Konstitusi sebagai Produk Situasi
            Begawan konstitusi K.C Wheare mengatakan dalam bukunya Modern Constitutions bahwa konstitusi suatu negara itu adalah resultante atau produk kesepakatan dari situasi politik, sosial, dan ekonomi pada waktu tertentu. Apabila situasi, kebutuhan, dan tuntutan masyarakat berubah maka UUD sebagai resultante juga dapat berubah. Persoalan mengenai kapan situasi itu datang adalah persoalan yang tersendiri.

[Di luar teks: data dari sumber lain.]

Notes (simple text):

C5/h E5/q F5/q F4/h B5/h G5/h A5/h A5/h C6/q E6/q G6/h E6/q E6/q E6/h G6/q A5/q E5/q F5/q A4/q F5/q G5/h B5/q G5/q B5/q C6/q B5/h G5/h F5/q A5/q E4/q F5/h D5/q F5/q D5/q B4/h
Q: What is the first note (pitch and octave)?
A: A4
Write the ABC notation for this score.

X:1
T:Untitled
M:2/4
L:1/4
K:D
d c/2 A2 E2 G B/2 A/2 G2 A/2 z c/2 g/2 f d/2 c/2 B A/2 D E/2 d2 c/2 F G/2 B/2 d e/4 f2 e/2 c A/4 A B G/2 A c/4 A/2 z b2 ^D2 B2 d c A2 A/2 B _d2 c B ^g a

Oleh sebab itu, lanjut Wheare, di dalam setiap UUD haruslah ada pasal yang mengatur perubahan.
Di Indonesia, hal tersebut telah dibuktikan. Dari aspek sejarah, sejak awal UUD 1945 memang dimaksudkan sebagai UUD interim. Tidak saja berdasar ucapan Bung Karno pada Sidang PPKI tanggal 18 Agustus 1945 yang menyebutnya sebagai ”UUD darurat yang dibuat secara kilat”, tetapi juga ditulis di dalam UUD 1945 itu sendiri, yakni di dalam Aturan Tambahan Pasal I dan Pasal II. Aturan Peralihan menegaskan bahwa setelah enam bulan berakhirnya Perang Asia Timur Raya (Perang Pasifik), Presiden mengatur segala hal yang ditentukan di dalam UUD, termasuk membentuk MPR (dengan pemilu). Kemudian dalam enam bulan setelah dibentuk, MPR bersidang untuk menetapkan UUD. Meskipun kata ”menetapkan” dapat diartikan menetapkan yang sudah ada, tetapi dalam konteks ini yaitu untuk mengubah agar sifat interim, darurat, dan kilat itu menjadi hilang.

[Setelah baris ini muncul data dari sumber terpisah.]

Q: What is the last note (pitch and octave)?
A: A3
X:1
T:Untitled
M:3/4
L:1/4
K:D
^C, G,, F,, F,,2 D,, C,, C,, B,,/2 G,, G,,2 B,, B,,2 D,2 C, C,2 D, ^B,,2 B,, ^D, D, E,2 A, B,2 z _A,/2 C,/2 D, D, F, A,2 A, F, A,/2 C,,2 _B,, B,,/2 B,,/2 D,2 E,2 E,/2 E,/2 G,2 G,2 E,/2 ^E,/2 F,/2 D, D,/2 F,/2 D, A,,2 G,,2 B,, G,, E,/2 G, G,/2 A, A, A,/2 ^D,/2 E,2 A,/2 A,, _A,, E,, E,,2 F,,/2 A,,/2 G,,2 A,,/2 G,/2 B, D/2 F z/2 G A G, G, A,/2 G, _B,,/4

            Pembuat UUD 1945 yang tergabung di dalam PPKI pun tidak pernah mengatakan bahwa UUD yang mereka susun sempurna sifatnya dan tak bisa diubah, namun mereka justru membuka jalan agar UUD itu tidak sulit untuk diubah, walaupun tidak juga mudah. Dalam berbagai kesempatan, mereka mengatakan bahwa UUD 1945 dibuat ”darurat” sebagai syarat formal agar Indonesia dapat merdeka. Atas dasar itu, maka di dalam Pasal 37 UUD 1945 dimuat ketentuan dan cara untuk mengubah UUD 1945 dan di dalam Aturan Tambahan diperintahkan agar MPR membicarakan dan menetapkan UUD yang tepat untuk Indonesia di masa-masa mendatang.

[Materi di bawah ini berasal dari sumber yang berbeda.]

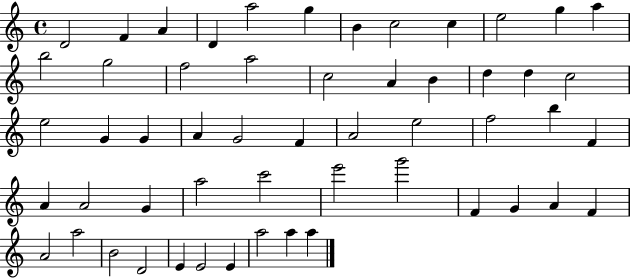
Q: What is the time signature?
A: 4/4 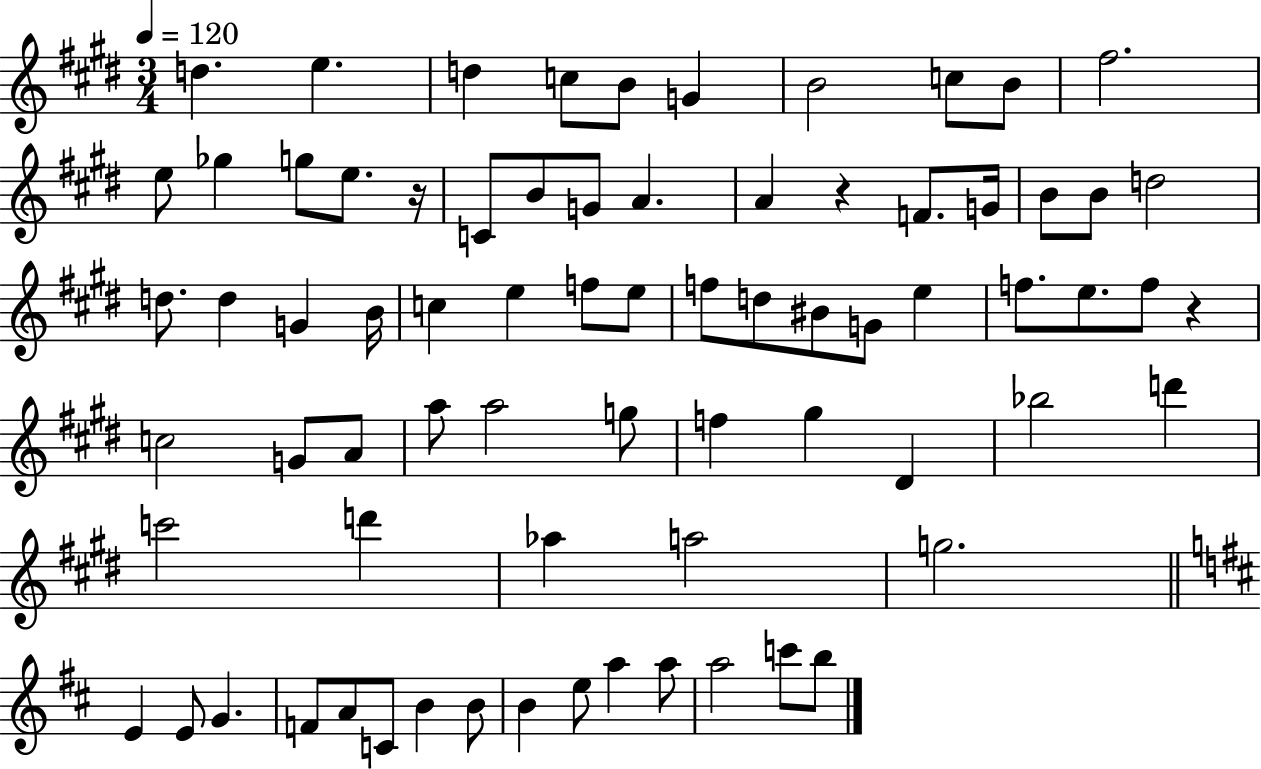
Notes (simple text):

D5/q. E5/q. D5/q C5/e B4/e G4/q B4/h C5/e B4/e F#5/h. E5/e Gb5/q G5/e E5/e. R/s C4/e B4/e G4/e A4/q. A4/q R/q F4/e. G4/s B4/e B4/e D5/h D5/e. D5/q G4/q B4/s C5/q E5/q F5/e E5/e F5/e D5/e BIS4/e G4/e E5/q F5/e. E5/e. F5/e R/q C5/h G4/e A4/e A5/e A5/h G5/e F5/q G#5/q D#4/q Bb5/h D6/q C6/h D6/q Ab5/q A5/h G5/h. E4/q E4/e G4/q. F4/e A4/e C4/e B4/q B4/e B4/q E5/e A5/q A5/e A5/h C6/e B5/e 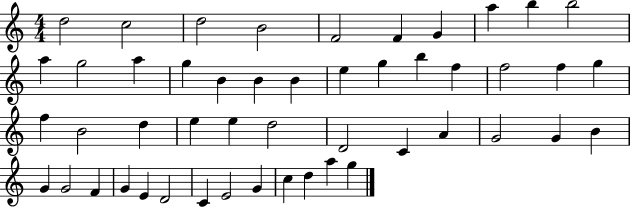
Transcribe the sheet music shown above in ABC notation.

X:1
T:Untitled
M:4/4
L:1/4
K:C
d2 c2 d2 B2 F2 F G a b b2 a g2 a g B B B e g b f f2 f g f B2 d e e d2 D2 C A G2 G B G G2 F G E D2 C E2 G c d a g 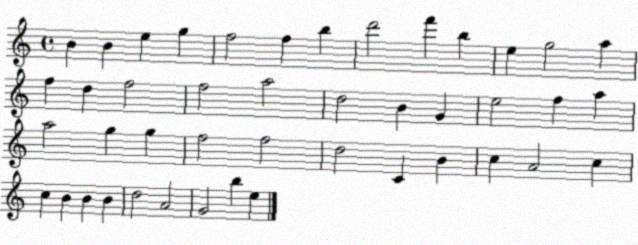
X:1
T:Untitled
M:4/4
L:1/4
K:C
B B e g f2 f b d'2 f' b e g2 a f d f2 f2 a2 d2 B G e2 f a a2 g g f2 f2 d2 C B c A2 c c B B B d2 A2 G2 b e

            Dengan demikian, saat ini siapapun boleh menyoal dan mengusulkan perubahan UUD yang sedang berlaku, jika memang ternyata terdapat resultante atau kesepakatan berdasar situasi dan kebutuhan-kebutuhan yang baru. Kesepakatan itu merupakan penekanan bahwa konstitusi adalah buatan rakyat dan bukan tindakan pemerintah semata. Hal ini menjadi penting, karena ketika berbicara perubahan konstitusi maka banyak yang mengukurnya dengan teori, apakah itu produk pakar atau yang berlaku di negara lain. Misalnya ada yang mengatakan bahwa konstitusi yang kita punya adalah salah, karena tidak sesuai dengan teori Trias Politika yang asli sebagaimana yang dimaksud oleh Montesquieu, atau contoh lainnya yaitu mekanisme judicial review yang kita jalankan tidaklah sama sebagaimana praktik di Austria.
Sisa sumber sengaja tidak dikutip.